この「柱」は、やはり堅持されなければならない。
しかし今、「社会政策としての住宅政策」にも、手法の見直しが必要だ。
かつての「公営住宅」は老朽化が進んでいる上、入居者は長く居住する傾向があるため、新たに発生した低所得者層の需要をなかなかまかなえない。
今後は、「住宅のセフティネットの確立」を住宅政策の基本に据えつつ、従来型の公営住宅建設一辺倒でなく、例えば、定期借家権を活用した民間空き家の活用など、多様な行政ツールの創造と活用が大切だ。

経済政策としての住宅政策にも転機が訪れている。
戦後の住宅不足の中、中流層の庶民が、新規着工の持ち家を購入することは、景気刺激策としても大きな効果を発揮した。
なぜなら、新規住宅購入は、電化製品、自動車など、他の関連製品の需要を喚起するからだ。
そして、これを支えたのが、住宅金融公庫による長期低利融資だった。
ところが、この面でも転機が訪れている。
住宅のストックは、量的にすでに充足され、しかも、わが国はすでに人口減社会に突入、長期的には住宅需要の減少が必至だ。
だから、これからは、従来型の公庫融資よりも、既存の中古住宅を流通しやすくする工夫が必要ということになる。
具体的には、中古住宅が、安全性や間取りの面でも、市場の評価に耐えられるよう、改修の促進を図ることが大切だし、ローン税制などで、中古住宅市況の活性化策を講じていくことが重要になる。

都市政策としての住宅政策にも転換が必要だ。
従来都市政策の面を担ってきたのは、やはり「公団」。そして、民間では、各種の「デベロッパー」だった。
高度成長期、各地にニュータウンが誕生し、公団等は、主として中流層をターゲットに、文化的、かつ、新たなライフスタイルを提供する役割を担った。
ところが、戦後に開発された「ニュータウン」などにおける住宅は、耐震性などの安全性、省エネ性能等環境への配慮という面で、性能的に劣るものが多い。
しかも、街は、急速に高齢化が進み、「空き屋」も増えている。
平成10年から15年までの5年間で、全国の空き家は、14.4%も増加、660万戸と、全住宅の12.24%に達しており、うち半数は、賃貸・売却用以外の、本物の「空き家」だ。
これは、防犯上も防災上も大問題。

住宅はもとより個人の資産だ。
しかしながら、今大切なことは、防災等の都市政策、環境政策の面から、既存の住宅群に対し、どのような手当や法的措置が必要かを考えていくことではないか。

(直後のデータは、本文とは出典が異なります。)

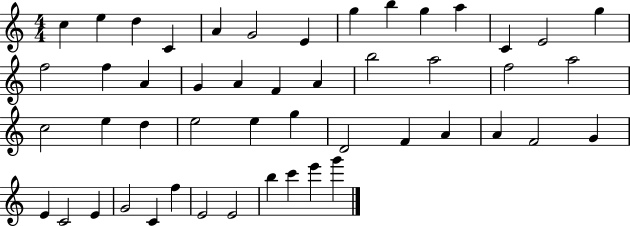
C5/q E5/q D5/q C4/q A4/q G4/h E4/q G5/q B5/q G5/q A5/q C4/q E4/h G5/q F5/h F5/q A4/q G4/q A4/q F4/q A4/q B5/h A5/h F5/h A5/h C5/h E5/q D5/q E5/h E5/q G5/q D4/h F4/q A4/q A4/q F4/h G4/q E4/q C4/h E4/q G4/h C4/q F5/q E4/h E4/h B5/q C6/q E6/q G6/q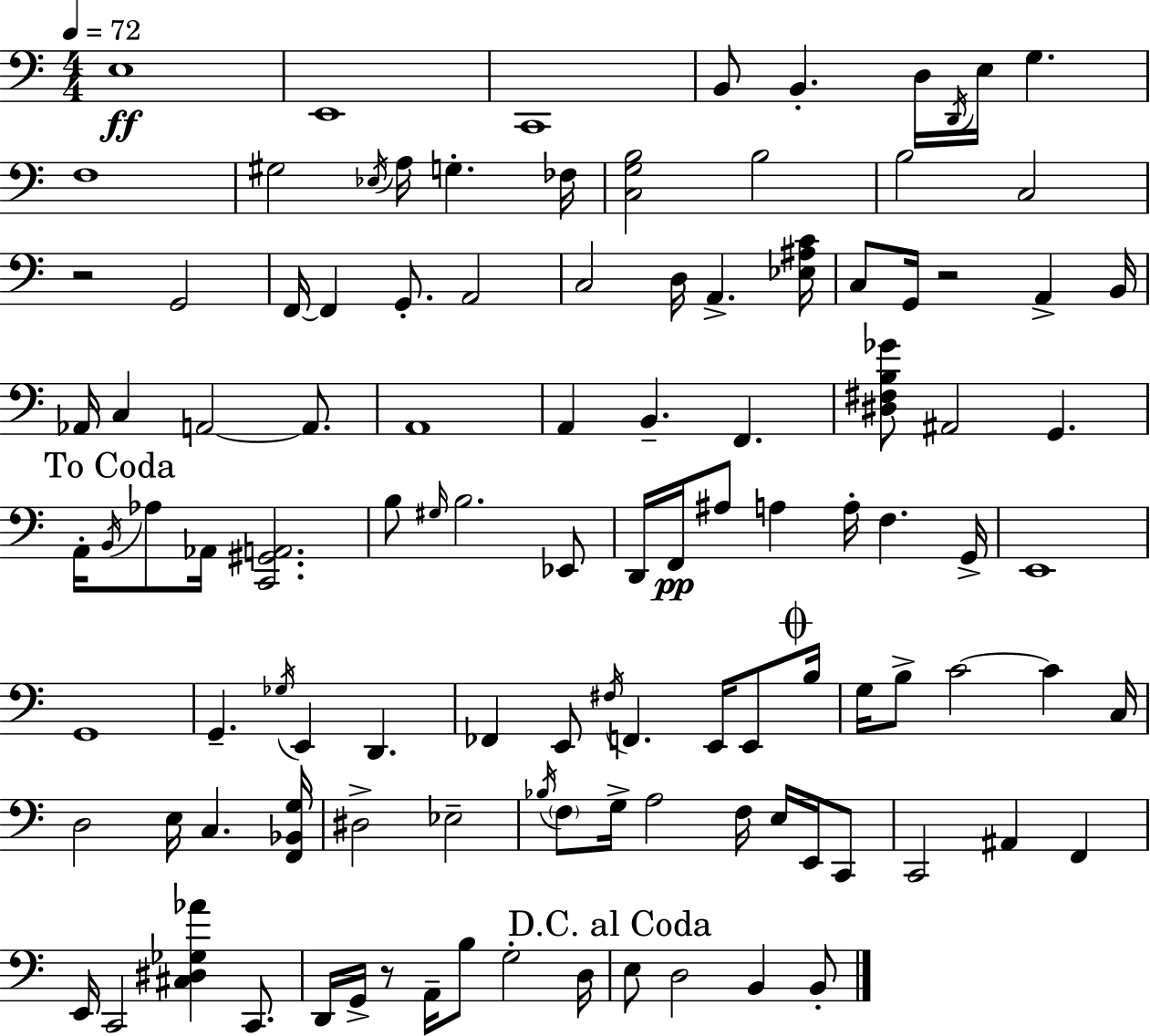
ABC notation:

X:1
T:Untitled
M:4/4
L:1/4
K:C
E,4 E,,4 C,,4 B,,/2 B,, D,/4 D,,/4 E,/4 G, F,4 ^G,2 _E,/4 A,/4 G, _F,/4 [C,G,B,]2 B,2 B,2 C,2 z2 G,,2 F,,/4 F,, G,,/2 A,,2 C,2 D,/4 A,, [_E,^A,C]/4 C,/2 G,,/4 z2 A,, B,,/4 _A,,/4 C, A,,2 A,,/2 A,,4 A,, B,, F,, [^D,^F,B,_G]/2 ^A,,2 G,, A,,/4 B,,/4 _A,/2 _A,,/4 [C,,^G,,A,,]2 B,/2 ^G,/4 B,2 _E,,/2 D,,/4 F,,/4 ^A,/2 A, A,/4 F, G,,/4 E,,4 G,,4 G,, _G,/4 E,, D,, _F,, E,,/2 ^F,/4 F,, E,,/4 E,,/2 B,/4 G,/4 B,/2 C2 C C,/4 D,2 E,/4 C, [F,,_B,,G,]/4 ^D,2 _E,2 _B,/4 F,/2 G,/4 A,2 F,/4 E,/4 E,,/4 C,,/2 C,,2 ^A,, F,, E,,/4 C,,2 [^C,^D,_G,_A] C,,/2 D,,/4 G,,/4 z/2 A,,/4 B,/2 G,2 D,/4 E,/2 D,2 B,, B,,/2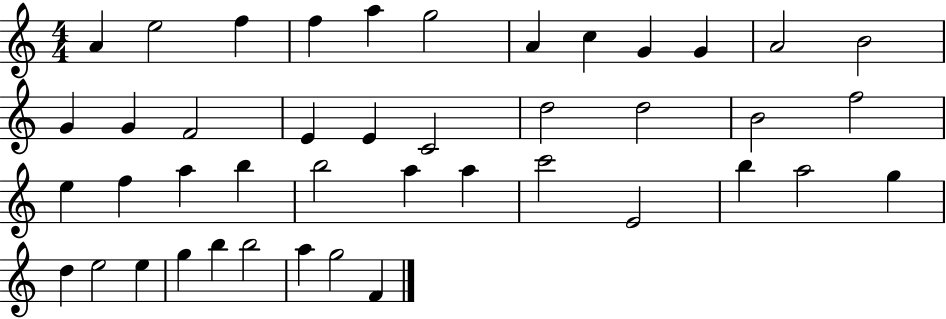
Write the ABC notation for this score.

X:1
T:Untitled
M:4/4
L:1/4
K:C
A e2 f f a g2 A c G G A2 B2 G G F2 E E C2 d2 d2 B2 f2 e f a b b2 a a c'2 E2 b a2 g d e2 e g b b2 a g2 F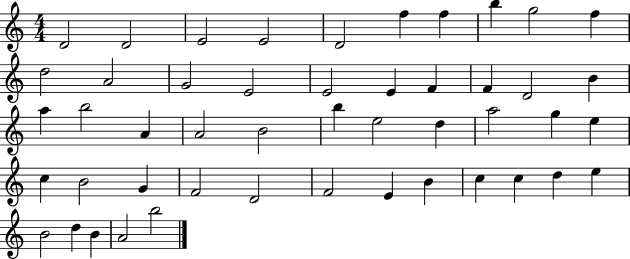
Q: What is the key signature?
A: C major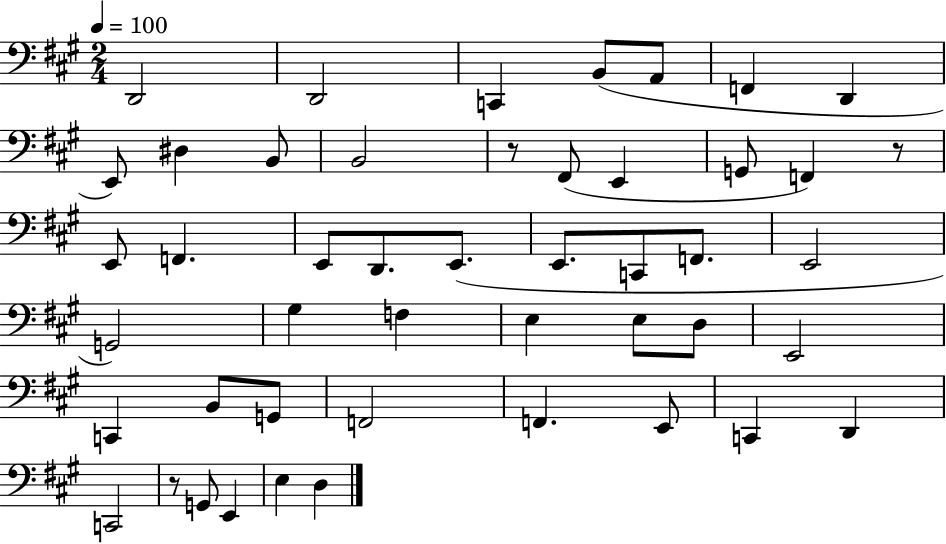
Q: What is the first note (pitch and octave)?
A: D2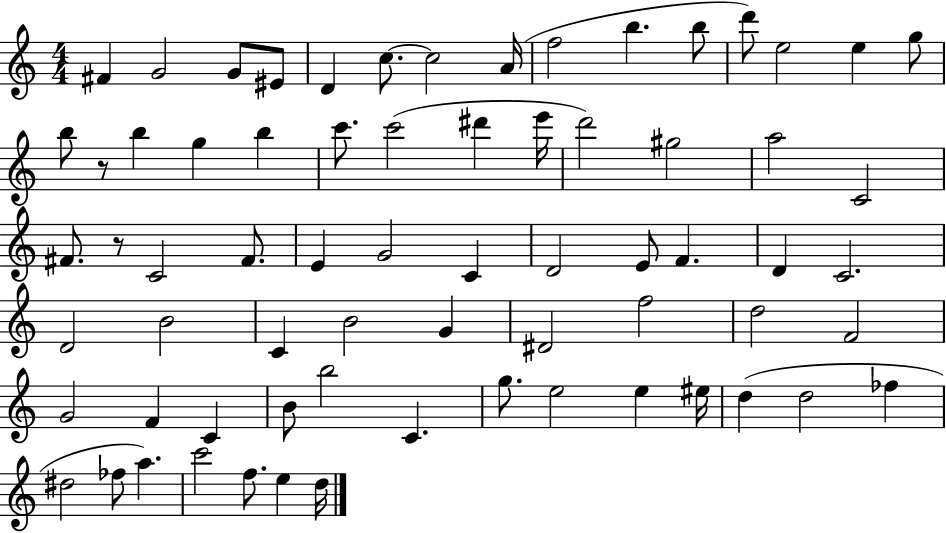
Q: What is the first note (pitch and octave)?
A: F#4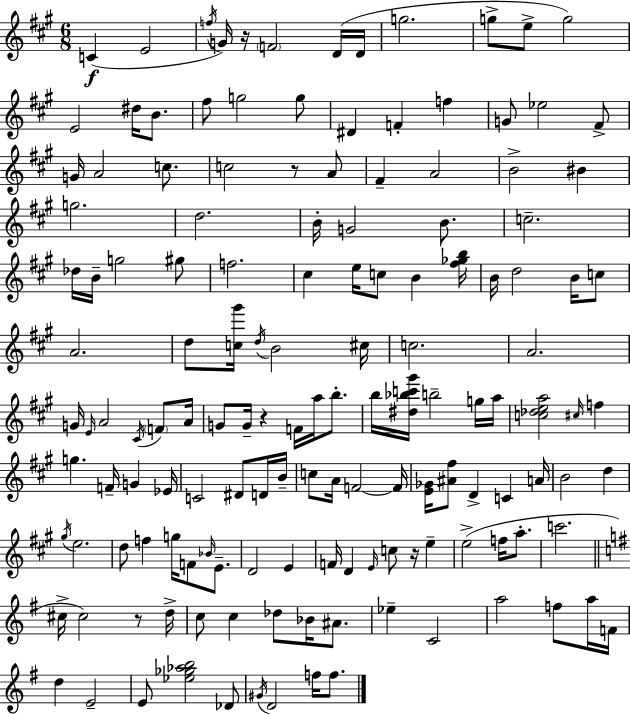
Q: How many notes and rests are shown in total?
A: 145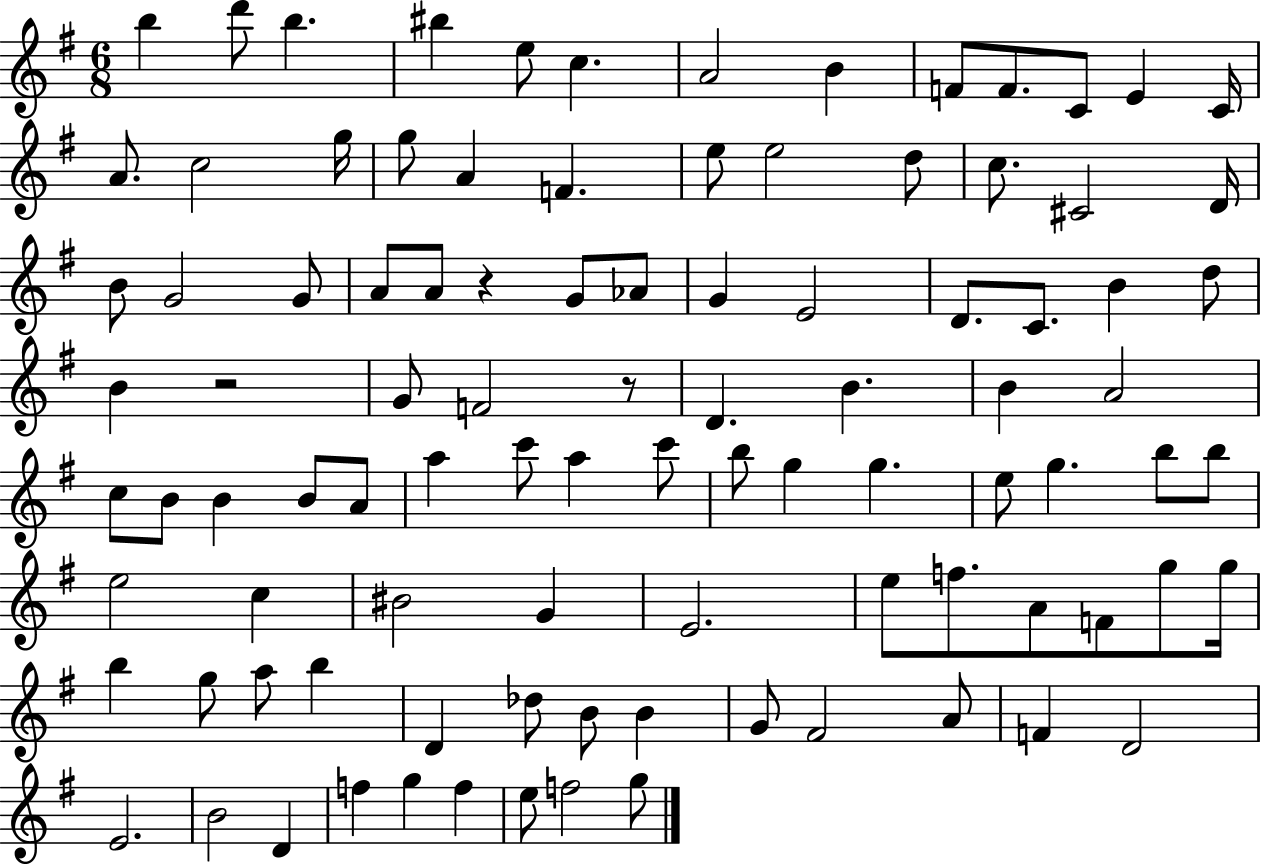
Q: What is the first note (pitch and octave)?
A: B5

住宅金融公庫改革、都市再生機構改革などの今までの改革は、どちらかというと、「官から民へ」という「小泉構造改革」の一環として語られることが多いが、私は、今述べたような住宅政策の転換という文脈でも、その必要性を語ることができると思う。
でも、住宅政策改革は、公庫・公団の改革だけではない。
我々もしっかり知恵を出しながら、国民のための施策体系を構築していかなければなるまい。